If anyone writes a cheque, get them to put their phone number on the back. This is so that, if the financials take a bit longer than expected and the steward (that’s you) doesn’t deposit the cheques the very next Monday morning, then nobody needs to be surprised by sudden bank fees.
Also, you need two doorkeepers, not one. Why? Because otherwise there will come a time when punters are queuing impatiently at the door while your one-and-only troll sits in the dunny with the cashbox balanced on her lap… and that’s not a good look.
DON’T LEAVE SITE! If you need something, delegate someone else to get it. A feast is a symphony, and you’re the conductor; if the wind section doesn’t know which direction to look to find you, they’ll probably start twiddling off on their own and playing Wagner, and that’s never a good thing.
Keep note of who’s helping; it’s useful for your report.
On that topic, children make good servers, past the age of eight or so, and they’re usually the ones hanging around with nothing to do, so make use of them.
Get some bread out on the table early. Bread is a good cheap way to take the edge of everyone’s hunger, so they don’t storm the kitchens when the first course is five minutes late. It also helps soothe fractious and fussy kids (except the gluten-intolerent ones) and guarantees that they get something to eat at least.
In general, actually running the event is the easy part. Make sure the door is manned and the money is being looked after; listen to people’s comments, especially about the food, and make sure the Head Cook is getting enough support so that people get fed before they start to flake. Balance the Tin Hats’ “requests” with some sense of reality, and don’t just do as you’re told all the time — that way lies chaos.
Finally, when the event is over, hand over to your take-down team, make sure the place is tidier than when you arrived, and be there to turn out the lights and lock the doors. Then go home and collapse for twelve hours.
Don’t leave the reporting too late. You will forget something! The next morning is ideal. I have run feasts at which I presented the Reeve with the final financial reports during the feast, because I had a laptop and a printer with me, but I’m a known showoff and you don’t need to emulate that. Although the look on Adair’s face made it all worthwhile…

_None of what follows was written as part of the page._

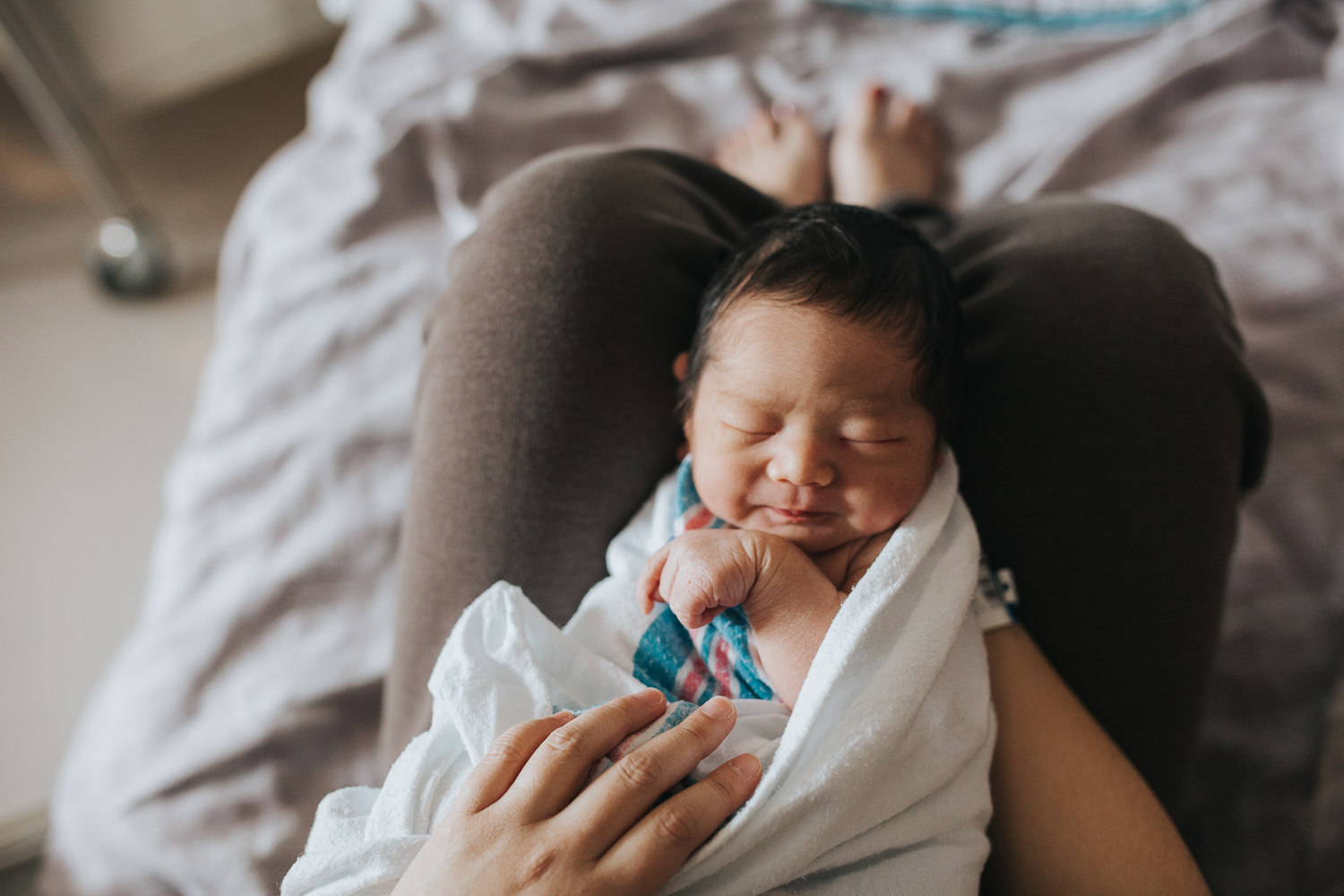 1 day old baby boy in hospital swaddle lying asleep on mom's legs - Markham Lifestyle Photography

Deposit all cheques immediately! Any cheque that has been sitting in your cashbox for more than a week should be considered suspect, because our populace are not all millionaires and unpresented cheques have a habit of bouncing if they’re forgotten about. Your doorkeepers, if they followed the advice above, will have written phone numbers on the back of each cheque; use them if necessary to confirm that the money’s still in the account if you’re late depositing them. Or better still, don’t be late depositing them.

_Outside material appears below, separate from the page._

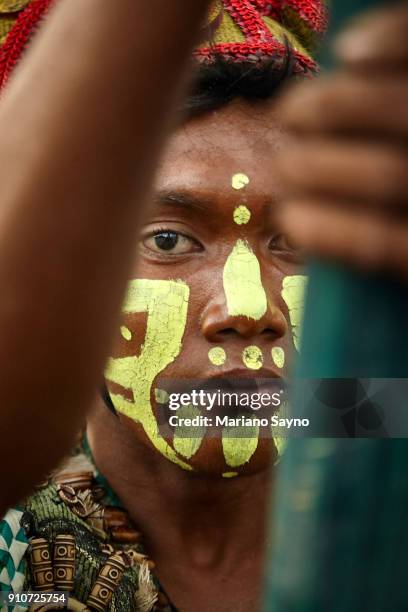 tribesman at festival - dinagyang festival stock pictures, royalty-free photos & images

Get the deposit back from the venue and make sure everything was tidied up to their satisfaction.
Present all receipts, receipt books, takings and sundry other financial details to the reeve, along with a financial report explaining everything you spent (expenses), all money you took in (income) and the precise difference between the two totals (profit or loss). Remember to count the venue deposit twice — once as an expense when you paid it, and once as income when you get it back.

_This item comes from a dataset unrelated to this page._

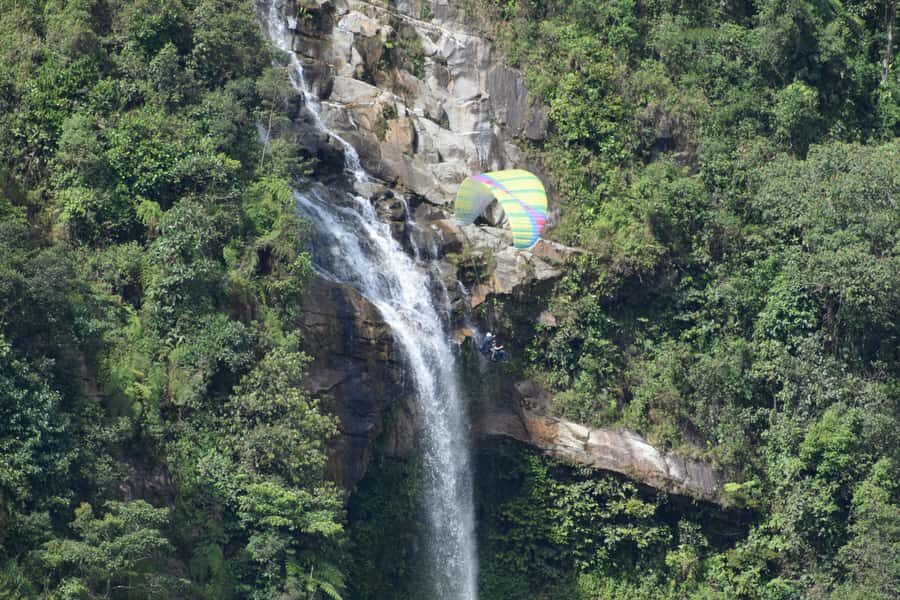 From Medellín: Paragliding and Rafting Combo Tour - Lunch stop and the waiting game when weather changes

Present a Feast Steward’s Report to the seneschal, the B&B and the reeve: include the basic stats (members/non-members attending, income, expenditure, budget-vs-actual figures) all in summary, and talk about what went right or wrong, what you learned that might be of interest to future stewards, and so on. If you want, you can probably get copies of past reports from the seneschal so you can see what you should say, although I’ve never bothered.
Oh, and don’t forget to thank everyone who helped.
And that’s about it. Follow these instructions and I’m reasonably sure you won’t hurt yourself or get executed for treason. In fact, if you do get executed for treason as a result of following these instructions, I will personally apologise to your next of kin upon receipt of a death certificate. You can’t get a better offer than that!